A modern rite of passage is any transition that reshapes identity, whether society

formally acknowledges it or not. They ask us to pause, witness ourselves, and choose

how we understand our place in the world. They invite us to step out of the ordinary and

into the extraordinary.


The First Threshold in a Rite of Passage

From the moment a child arrives, life is already full of initiations:

·         The first breath

·         A person becoming a parent

·         A family forming or shifting shape

·         A name spoken aloud for the first time

In modern life, these beginnings might be marked with baby blessings, naming

ceremonies, adoption celebrations, or quiet rituals at home.
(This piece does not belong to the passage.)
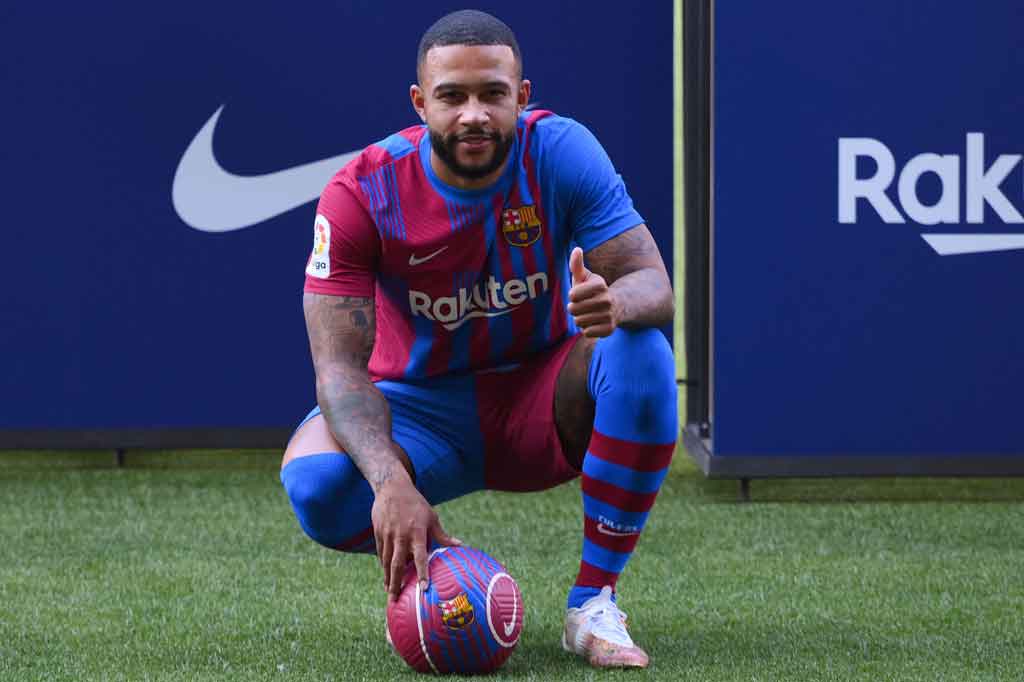 Pemain depan timnas Belanda Memphis Depay secara resmi diperkenalkan ke depan publik oleh Barcelona, di Stadion Camp Nou, Barcelona, Kamis, 22 Juli 2021 waktu setempat.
They remind us that every

new life—and every new role—deserves to be recognized, welcomed, and held as

sacred.

 

A Crossing Blessing

May your next threshold meet you kindly.

May it open like a small light in the palm of your hand,

steady enough to guide you,

soft enough not to startle what is still tender within you.

 

May you feel the ground beneath your feet—

the old stories loosening,

 

the new ones humming just beyond your knowing.

May you trust the moment when breath becomes intention,

and intention becomes the first step forward.

 

May the unseen companions of your life—

memory, intuition, ancestors, the more‑than‑human world—

walk with you as you cross into the twinkle of the new.

May they remind you that you do not travel alone,

even when the path feels quiet.

 

May you enter this new chapter with presence,

with the courage to release what no longer fits,

and the grace to welcome what is arriving.

And may this crossing, however small or extraordinary,

be a blessing that carries you

toward the life that is calling your name.